#### DATASET CONTENT:
——————

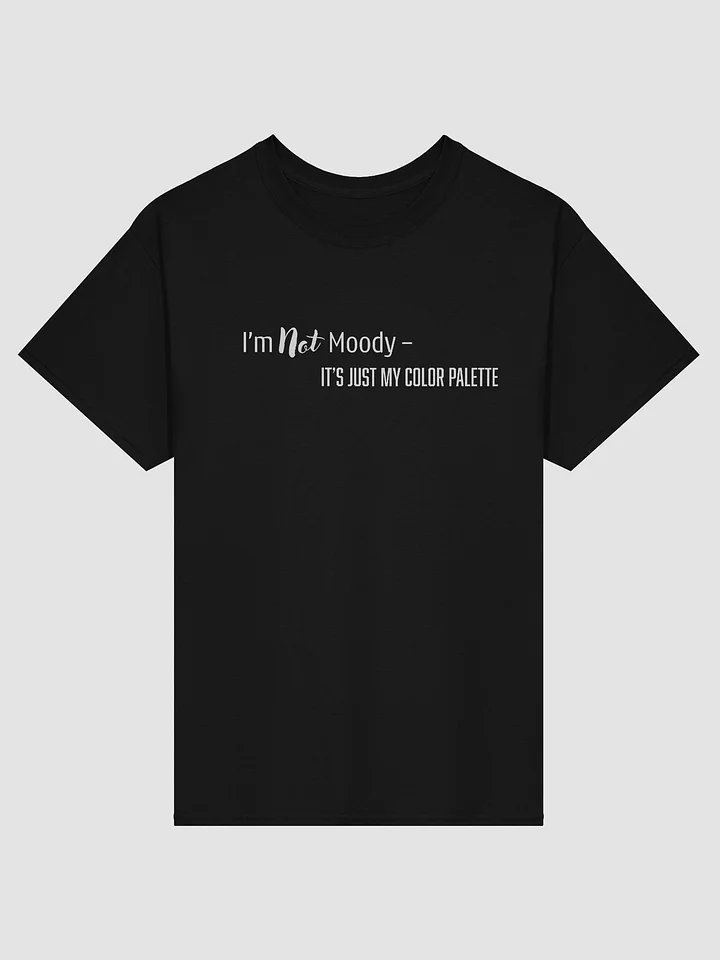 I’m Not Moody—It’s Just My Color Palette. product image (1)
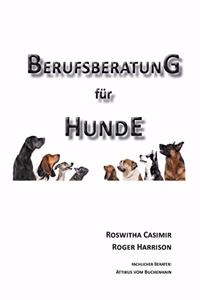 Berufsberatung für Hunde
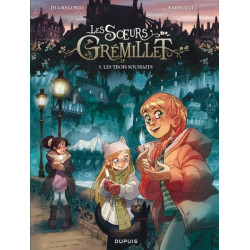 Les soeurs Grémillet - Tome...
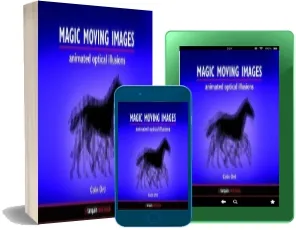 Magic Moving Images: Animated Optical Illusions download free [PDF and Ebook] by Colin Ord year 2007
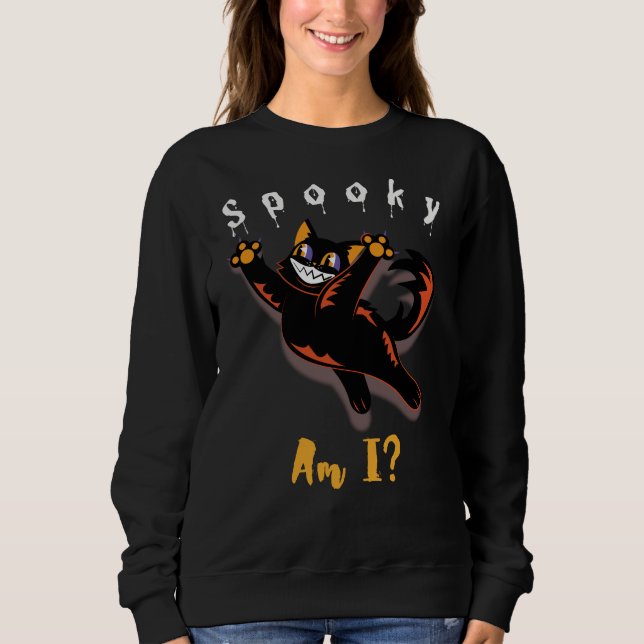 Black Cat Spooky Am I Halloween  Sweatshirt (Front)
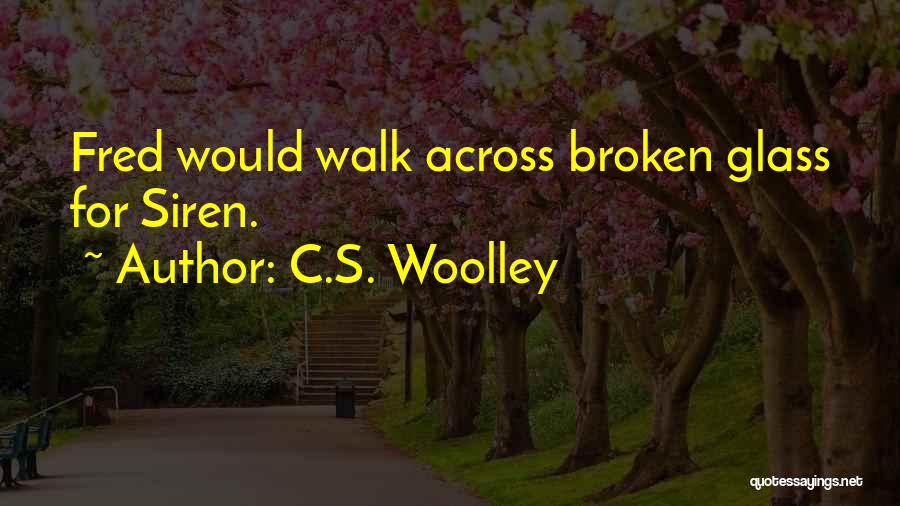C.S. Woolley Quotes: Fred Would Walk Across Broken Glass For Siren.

——————

#### WHAT THE TASK ASKS:
In your copy, include every record word for word but no pictures.

#### ANSWER BOX:
 I’m Not Moody—It’s Just My Color Palette. product image (1)
 Berufsberatung für Hunde
 Les soeurs Grémillet - Tome...
 Magic Moving Images: Animated Optical Illusions download free [PDF and Ebook] by Colin Ord year 2007
 Black Cat Spooky Am I Halloween  Sweatshirt (Front)
C.S. Woolley Quotes: Fred Would Walk Across Broken Glass For Siren.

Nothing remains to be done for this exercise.